Therefore, in order to secure the strength of the first-stage drive gear, the diameter of the first-stage drive gear and the diameter of the first-stage drive gear (i.e., the first-speed drive gear) need not be provided anywhere on the first input shaft IN- Diameter and the distance between these shafts is prevented from being increased. As a result, the weight and volume of the transmission are reduced, thereby improving the mountability and fuel economy of the vehicle.

In the first embodiment shown in Figs. 4 to 6, the drive gear engaged with the first idler gear IDLE-1 is the third-stage drive gear 3-D. A first input shaft IN-1 for receiving a constant power from the engine is disposed in the second input shaft IN-2 and a second input shaft IN-1 is disposed on the first input shaft IN- And a second clutch CL2 is provided between the first input shaft IN-1 and the second-stage drive gear 2-D, and the second input shaft IN- And is configured to be connectable to the engine by the first clutch CL1.

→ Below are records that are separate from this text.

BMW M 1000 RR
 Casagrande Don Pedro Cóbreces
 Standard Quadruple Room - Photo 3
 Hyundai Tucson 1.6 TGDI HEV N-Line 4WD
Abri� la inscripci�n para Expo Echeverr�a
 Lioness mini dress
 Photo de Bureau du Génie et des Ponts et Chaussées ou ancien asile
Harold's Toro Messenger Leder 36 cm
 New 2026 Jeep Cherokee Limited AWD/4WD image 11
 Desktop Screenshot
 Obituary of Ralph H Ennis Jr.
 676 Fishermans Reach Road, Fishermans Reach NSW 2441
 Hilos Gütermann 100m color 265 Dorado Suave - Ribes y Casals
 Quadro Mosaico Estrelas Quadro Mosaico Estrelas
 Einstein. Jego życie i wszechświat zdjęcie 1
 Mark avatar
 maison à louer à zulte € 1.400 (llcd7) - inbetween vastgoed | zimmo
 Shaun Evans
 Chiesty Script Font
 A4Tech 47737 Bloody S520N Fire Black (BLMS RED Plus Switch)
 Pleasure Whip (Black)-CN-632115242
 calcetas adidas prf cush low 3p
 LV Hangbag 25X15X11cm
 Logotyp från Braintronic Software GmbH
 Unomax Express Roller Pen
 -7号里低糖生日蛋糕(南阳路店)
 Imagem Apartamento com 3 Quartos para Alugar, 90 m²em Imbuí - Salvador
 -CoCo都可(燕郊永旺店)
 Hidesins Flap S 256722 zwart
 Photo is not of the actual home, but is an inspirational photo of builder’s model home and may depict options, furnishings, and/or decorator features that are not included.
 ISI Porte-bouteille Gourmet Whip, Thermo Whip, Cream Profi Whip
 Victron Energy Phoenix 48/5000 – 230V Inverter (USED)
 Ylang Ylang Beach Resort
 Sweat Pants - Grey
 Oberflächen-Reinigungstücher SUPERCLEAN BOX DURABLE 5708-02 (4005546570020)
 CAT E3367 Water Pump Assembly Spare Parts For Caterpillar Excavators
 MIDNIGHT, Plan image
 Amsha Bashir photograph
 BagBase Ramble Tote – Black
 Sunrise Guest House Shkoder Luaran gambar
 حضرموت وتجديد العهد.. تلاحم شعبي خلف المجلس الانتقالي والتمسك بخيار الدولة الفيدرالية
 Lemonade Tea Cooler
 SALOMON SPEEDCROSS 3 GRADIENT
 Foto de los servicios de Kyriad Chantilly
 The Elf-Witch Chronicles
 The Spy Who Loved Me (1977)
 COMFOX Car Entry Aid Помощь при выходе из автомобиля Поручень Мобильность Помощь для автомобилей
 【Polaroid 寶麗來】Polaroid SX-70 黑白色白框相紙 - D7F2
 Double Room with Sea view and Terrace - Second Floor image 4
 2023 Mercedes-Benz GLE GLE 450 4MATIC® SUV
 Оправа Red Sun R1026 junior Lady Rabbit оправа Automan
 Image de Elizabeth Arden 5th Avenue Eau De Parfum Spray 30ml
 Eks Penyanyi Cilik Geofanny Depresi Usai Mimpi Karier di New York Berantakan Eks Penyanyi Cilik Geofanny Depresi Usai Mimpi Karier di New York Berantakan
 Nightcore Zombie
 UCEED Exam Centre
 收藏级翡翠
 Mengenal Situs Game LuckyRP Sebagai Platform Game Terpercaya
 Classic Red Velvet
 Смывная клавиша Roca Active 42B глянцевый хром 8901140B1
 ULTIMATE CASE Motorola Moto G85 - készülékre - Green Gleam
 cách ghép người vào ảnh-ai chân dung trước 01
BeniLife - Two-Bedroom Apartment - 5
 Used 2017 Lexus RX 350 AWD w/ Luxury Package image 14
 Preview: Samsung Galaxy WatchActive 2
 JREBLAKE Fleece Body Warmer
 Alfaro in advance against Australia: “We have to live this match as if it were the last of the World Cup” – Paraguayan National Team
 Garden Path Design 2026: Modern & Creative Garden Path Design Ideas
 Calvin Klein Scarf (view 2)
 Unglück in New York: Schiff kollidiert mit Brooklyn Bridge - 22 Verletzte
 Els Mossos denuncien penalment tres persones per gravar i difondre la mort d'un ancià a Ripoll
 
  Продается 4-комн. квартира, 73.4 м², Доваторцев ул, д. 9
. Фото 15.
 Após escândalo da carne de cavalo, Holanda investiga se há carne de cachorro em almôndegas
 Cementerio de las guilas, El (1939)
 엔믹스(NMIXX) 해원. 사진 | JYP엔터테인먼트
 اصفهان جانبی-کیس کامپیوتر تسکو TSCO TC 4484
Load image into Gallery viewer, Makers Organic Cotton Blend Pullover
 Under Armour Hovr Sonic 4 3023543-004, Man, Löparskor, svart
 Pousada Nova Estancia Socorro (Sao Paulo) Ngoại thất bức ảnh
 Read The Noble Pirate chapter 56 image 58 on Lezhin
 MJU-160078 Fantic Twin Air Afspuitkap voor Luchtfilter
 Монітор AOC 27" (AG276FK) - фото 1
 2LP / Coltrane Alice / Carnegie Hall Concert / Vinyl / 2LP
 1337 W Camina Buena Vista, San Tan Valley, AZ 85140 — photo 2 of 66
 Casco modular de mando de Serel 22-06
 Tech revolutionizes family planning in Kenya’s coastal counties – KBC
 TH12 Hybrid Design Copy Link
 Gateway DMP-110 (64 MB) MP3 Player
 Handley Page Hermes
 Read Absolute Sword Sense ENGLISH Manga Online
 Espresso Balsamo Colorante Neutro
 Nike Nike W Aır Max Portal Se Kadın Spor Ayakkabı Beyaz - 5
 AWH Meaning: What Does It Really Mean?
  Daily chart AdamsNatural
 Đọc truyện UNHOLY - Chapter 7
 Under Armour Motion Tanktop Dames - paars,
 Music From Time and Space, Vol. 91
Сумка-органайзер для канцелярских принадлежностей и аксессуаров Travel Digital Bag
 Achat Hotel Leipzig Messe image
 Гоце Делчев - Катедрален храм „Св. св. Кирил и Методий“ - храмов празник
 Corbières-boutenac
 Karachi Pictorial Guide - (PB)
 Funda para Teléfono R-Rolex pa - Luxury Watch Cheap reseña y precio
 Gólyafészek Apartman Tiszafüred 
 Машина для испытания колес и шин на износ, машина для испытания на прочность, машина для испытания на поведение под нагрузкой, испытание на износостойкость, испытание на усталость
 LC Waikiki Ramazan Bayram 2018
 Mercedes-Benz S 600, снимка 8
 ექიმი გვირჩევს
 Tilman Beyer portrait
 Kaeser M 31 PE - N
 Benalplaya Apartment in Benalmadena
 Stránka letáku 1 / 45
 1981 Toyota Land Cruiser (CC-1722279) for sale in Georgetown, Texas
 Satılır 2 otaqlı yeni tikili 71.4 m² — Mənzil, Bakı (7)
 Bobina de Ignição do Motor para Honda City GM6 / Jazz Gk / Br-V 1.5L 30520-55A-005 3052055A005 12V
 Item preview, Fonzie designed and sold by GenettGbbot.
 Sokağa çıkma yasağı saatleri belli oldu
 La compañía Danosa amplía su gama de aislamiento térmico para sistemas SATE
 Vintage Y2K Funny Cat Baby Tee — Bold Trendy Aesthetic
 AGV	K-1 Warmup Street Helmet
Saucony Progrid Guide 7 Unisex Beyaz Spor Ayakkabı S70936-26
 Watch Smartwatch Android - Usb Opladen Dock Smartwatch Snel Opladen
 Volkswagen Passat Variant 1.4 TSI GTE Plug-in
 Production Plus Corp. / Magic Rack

The first output shaft OUT1 is integrally provided with the third input shaft IN-2, the third input shaft 3-D, the fourth input shaft 4-D and the fifth & Is meshed with the third-stage drive gear (3-D), and a sixth-stage driven gear (6-P) engaged with the fifth- And a fifth-stage driven gear (5-M) meshing with the fourth-stage driven gear (4-P) engaged with the fourth-stage drive gear (4-D) -P) is rotatably provided, and a two-stage driven gear 2-P engaged with the two-stage drive gear 2-D is rotatably restrained.

The R-stage coupling means includes a 6 & R stage synchronization device (not shown) provided to couple and release the R-stage driven gear RP or the 6-stage driven gear 6-P to the first output shaft OUT1. (6R-S), and the one-stage coupling means is provided to couple and disengage the one-stage driven gear (1-P) or the three-stage driven gear (3-P) to the second output shaft 1 & 3 stage sync device 13-S.

In the transmission configured as described above, the first-speed clutch CL1 is engaged so that the third-speed drive gear 3-D transmits power to the first idler gear IDLE-1 , The power is transmitted to the R-stage driven gear RP via the second idler gear IDLE-2. At this time, the 6 & R-stage synchronizer 6R-S is released, Stage driven gear 1-P meshed with the R-stage driven gear RP is driven and the power thereof is transmitted to the second output shaft (not shown) through the 1 & 3rd stage synchronizer 13- OUT2 is rotated so that the output of the first stage is drawn through the differential DIFF.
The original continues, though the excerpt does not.